Sentenza – La condotta anomale del lavoratore pesa solo in presenza di misure di sicurezza idonee

Milano, 29.1.2019

Sentenza della Corte di Cassazione che pone l’accento sulle responsabilità del lavoratore in materia di infortuni sul lavoro. Nel caso specifico affronta un ricorso, respinto, presentato nei confronti del datore di lavoro per aver cagionato ai lavoratori lesioni personali per imprudenza, negligenza e imperizia, sostenendo che ai fini dell’individuazione del criterio idoneo a discriminare il comportamento “anomalo” da quello che non lo è, la Corte di Cassazione, Sez. IV ha ritenuto di includere anche l’inosservanza di precise norme antinfortunistiche, ovvero la condotta del lavoratore contraria a precise direttive organizzative ricevute, a condizione, però, che l’infortunio non risulti determinato da assenza o inidoneità delle misure di sicurezza adottate dal datore di lavoro.

Il riferimento è la sentenza n. 58272/18, che alleghiamo,  con la quale la Suprema Corte ha respinto il ricorso contro la sentenza di condanna emessa in entrambi i gradi di giudizi di merito a seguito di un infortunio occorso a due lavoratori investiti da vetri curvi rotti e dal bancale sul quale erano appoggiati in danno di due lavoratori.

Con l’occasione la sentenza, nelle lettera a-b-c del punto 1.2, richiama altre tre pronunce della Cassazione nelle quali si è ritenuto che il comportamento del lavoratore avesse interrotto il nesso di causalità tra l’azione e l’omissione del datore di lavoro e l’evento.

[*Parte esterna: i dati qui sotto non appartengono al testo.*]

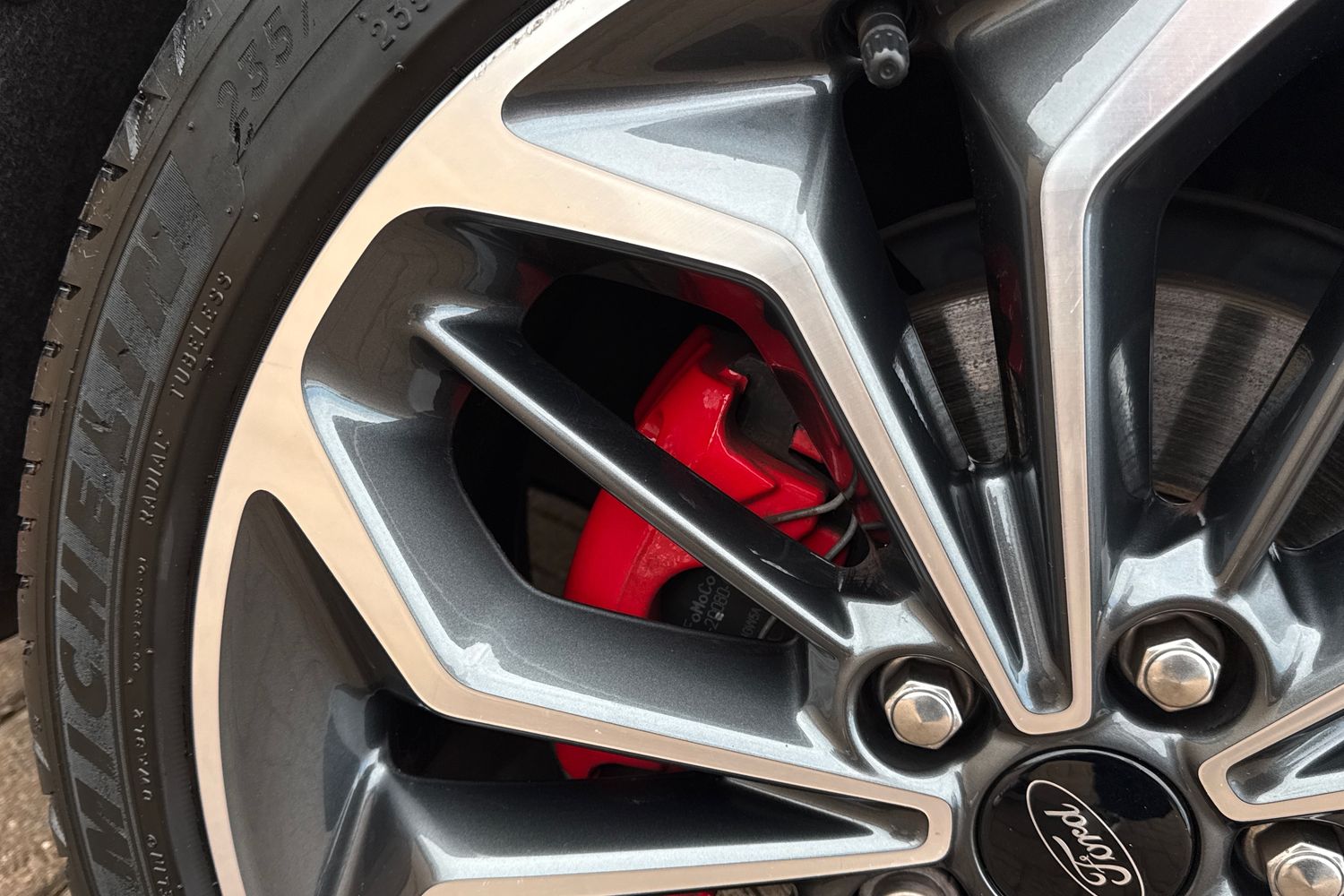 Used Ford Focus 2024 for sale - 77742256: Photo 32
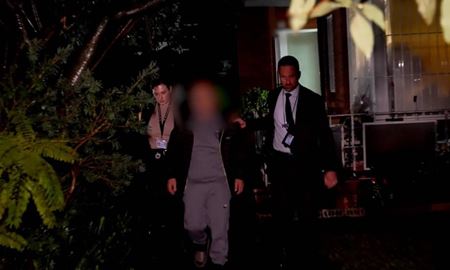 کلاهبردار 1.4 میلیون دلاری اداره پست استرالیا، در سیدنی به دام افتاد!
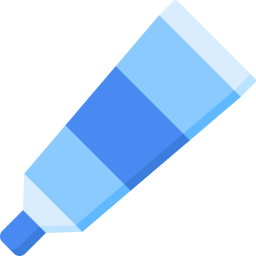 Toothpaste icon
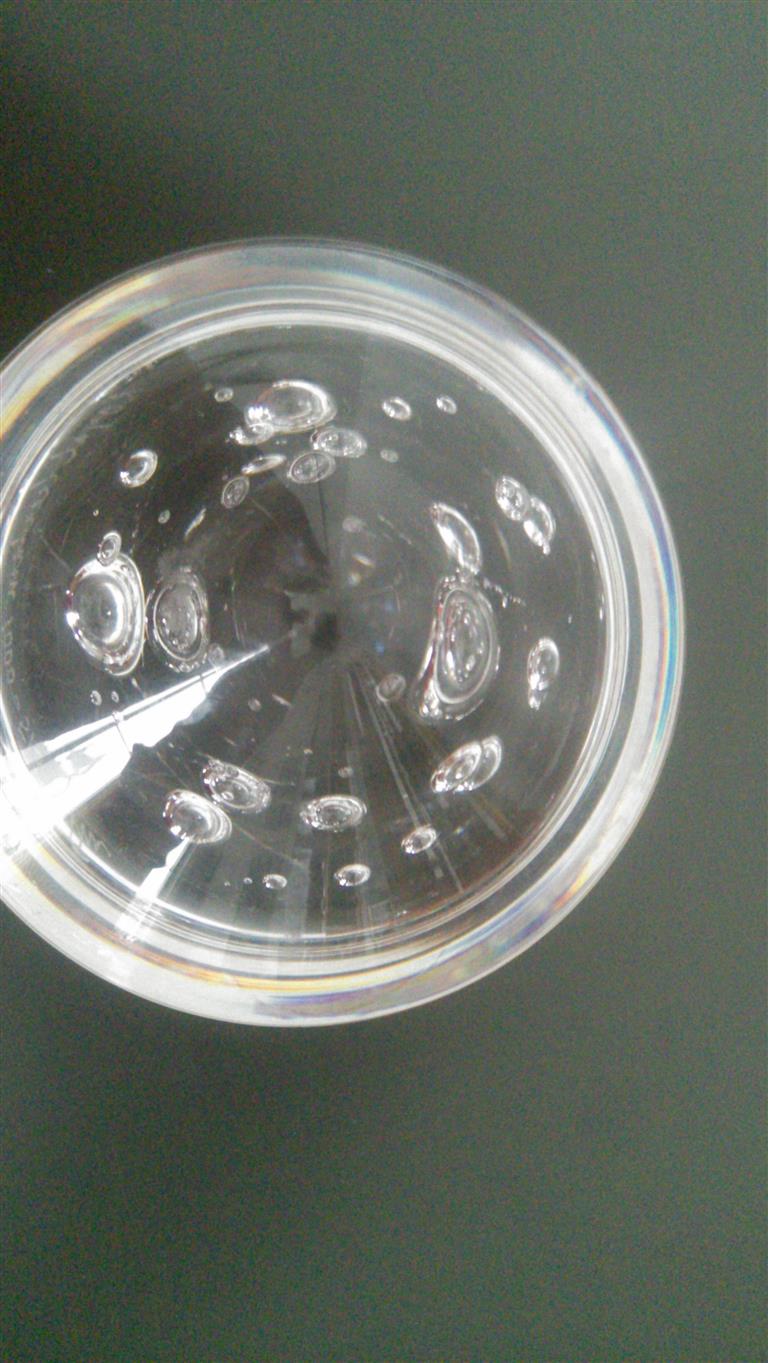 Floris Meydam - Presse- papier met ingesloten luchtbellen kopen? Bied vanaf 19!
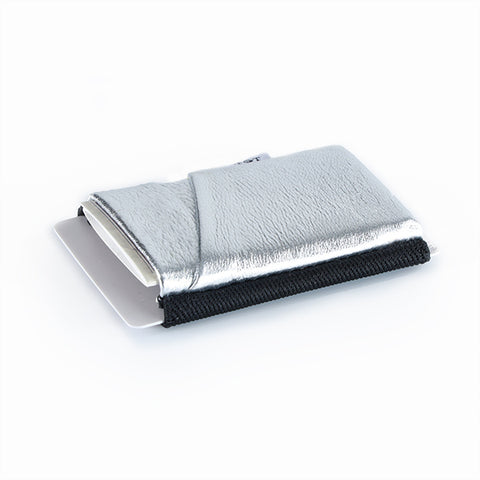 Silver Deluxe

La parte finale della sentenza si sofferma sui presupposti necessari per far valere il “vizio di travisamento della prova” in sede di ricorso per Cassazione, in applicazione della nuova formulazione dell’articolo 606, comma 1, lett. e) del Codice di procedura penale, pena inammissibilità del ricorso stesso, per cui il ricorrente deve:

a) indicare specificamente l’atto processuale sul quale fonda la doglianza;

b) indicare l’elemento fattuale o il dato probatorio che da tale atto emerge e che risulta asseritamente incompatibile con la ricostruzione svolta nella sentenza impugnata;

c)
 dare la prova della verità dell’elemento fattuale o del dato probatorio invocato, nonché dell’effettiva esistenza dell’atto processuale su cui tale prova si fonda tra i materiali probatori ritualmente acquisiti nel fascicolo del dibattimento;

d) indicare le ragioni per cui l’atto invocato asseritamente inficia e compromette, in modo decisivo, la tenuta logica e l’intera coerenza della motivazione, introducendo profili di radicale “incompatibilità all’interno del piano argomentativo del provvedimento impugnato.